Whether you see at it as the world has catching up or America sliding back, the numbers don’t lie.
Americans have won just three of the last 12 golf majors.
This has never happened in the history of golf. The only other time that comes close is the 12-major period from the 1992 British Open to the 1995 Masters, where Americans won four tournaments.
Even more strikingly, since the 2008 Masters, world players have won 10 majors while US players have won four. In the previous 32 majors before that, dating back to the 2000 Masters, world players also won 10 majors.
So world players have won as many majors since 2008 as they did from 2000-2007.
Obviously, this analysis has some statistical holes. The sample size is too small and Tiger Woods’ dominance in the early 2000s probably skewed the numbers in favour of the US. But still, the dearth of American victories in the last four years is unprecedented.

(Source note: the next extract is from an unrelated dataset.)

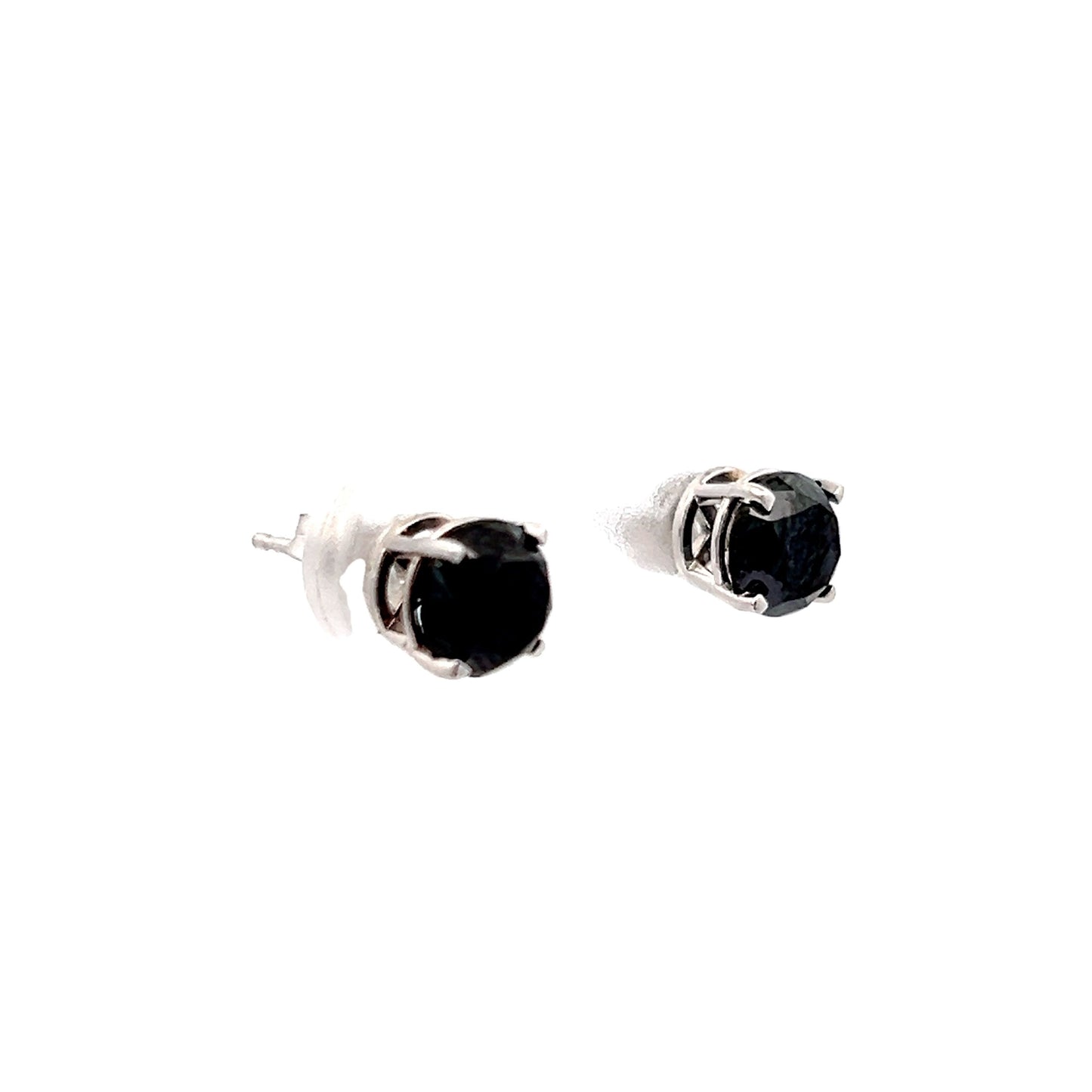 2.00 Black Diamond Stud Earrings in 14k White Gold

There’s a promising crop of young American golfers who will come of age during the next few years. But there’s also a crop of young international players who are just as good. Even US Ryder Cup captain Davis Love III acknowledged this point, telling the Washington Post, “The world is a smaller place, so I think we’re going to have to get used to it.”
Another country club sport previously dominated by Americans, tennis, has been “used to it” for nearly a decade.

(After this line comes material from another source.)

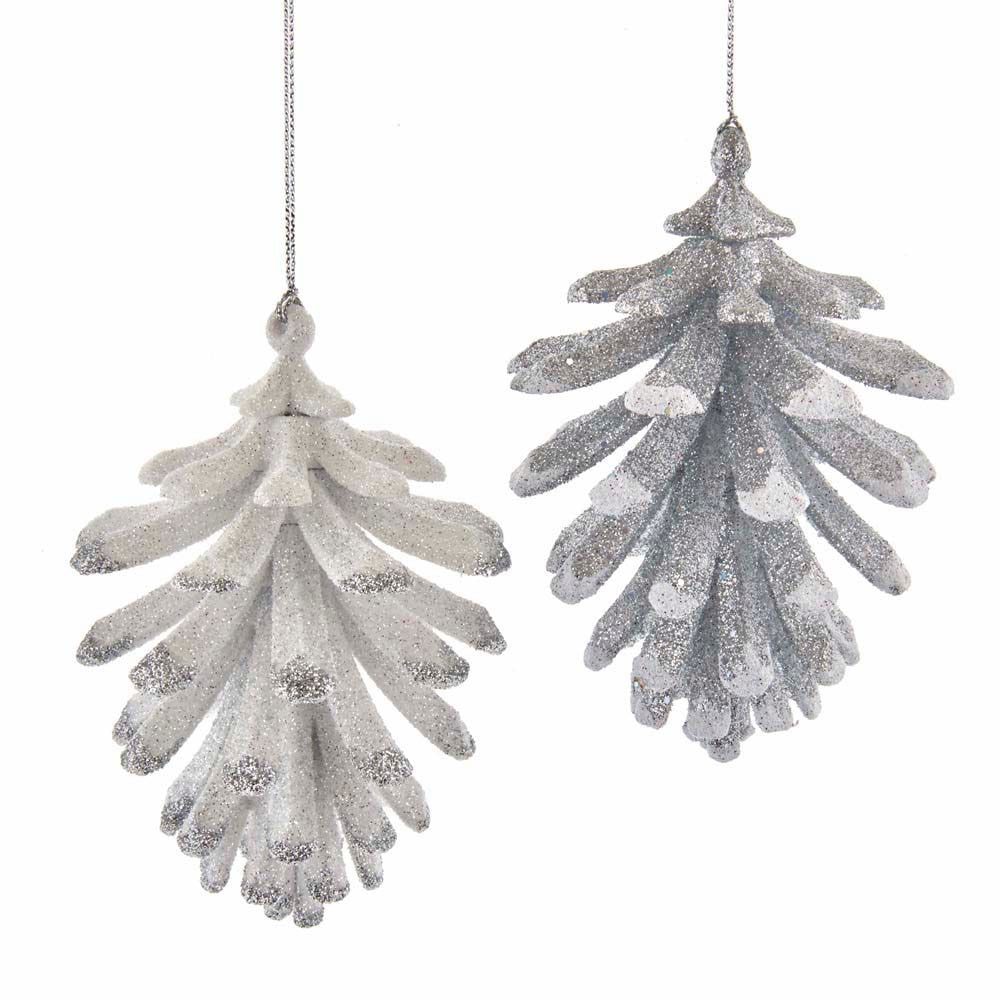 Silver and White Pinecone With Glitter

An American has not won a Grand Slam men’s singles trophy since Andy Roddick won the US Open in 2003.
This is the longest US major drought in the history of tennis — 30-straight Grand Slams. And it doesn’t look like that streak is going to end anytime soon.

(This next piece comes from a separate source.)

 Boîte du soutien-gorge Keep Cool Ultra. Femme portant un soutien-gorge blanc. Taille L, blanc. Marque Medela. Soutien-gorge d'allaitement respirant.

A huge part of this streak is the dominance of Federer and Nadal. Perhaps if two of the 10 best players to ever play the game weren’t around during the last eight years, Roddick and the other Americans would have won a few more titles.
But Federer should be around for another year or two. Nadal should be around for another four. And Djokovic should be around for the foreseeable future. So with no American phenom on the verge of a breakthrough, the international dominance might continue for another 30 slams.
The reason for the international takeovers of both golf and tennis is likely a combination of multiple factors.
There’s probably an economic element:
- The international community has closed the economic gap between itself and the US considerably in the last few decades, allowing more people greater access to athletic resources.
There’s probably some cultural elements:
- International tennis stars are identified as children and effectively removed from society to become tennis machines.
- Tennis and golf are high on the sports pecking order in other countries, whereas at least football, baseball, basketball, and hockey are above them in the US.
And there’s probably a cyclical element:
- One country cannot disproportionately dominate a sport without experience a prolonged rut.
Ultimately, this sort of globalization is good for the two country club sports. It produces a higher volume of better players, and technology is such that fans can still follow their favourite players no matter where or when they are playing.
But all sports are tribal. While regional distinctions matter less in a geopolitical context than they did in 1991, they are still hugely important for tennis and golf.
Americans want to cheer for Americans. We want our athletes to embody our culture and foreign athletes to embody theirs.
It’s the reason we watch absurd sports like figure skating, curling, and archery during the Olympics. We’ll watch anything if Americans win at it.
This is also the case with tennis and golf. If American phenoms emerge in the next few years, we’ll still care. What remains to be seen is if Americans will still care if international players keep winning and winning and winning.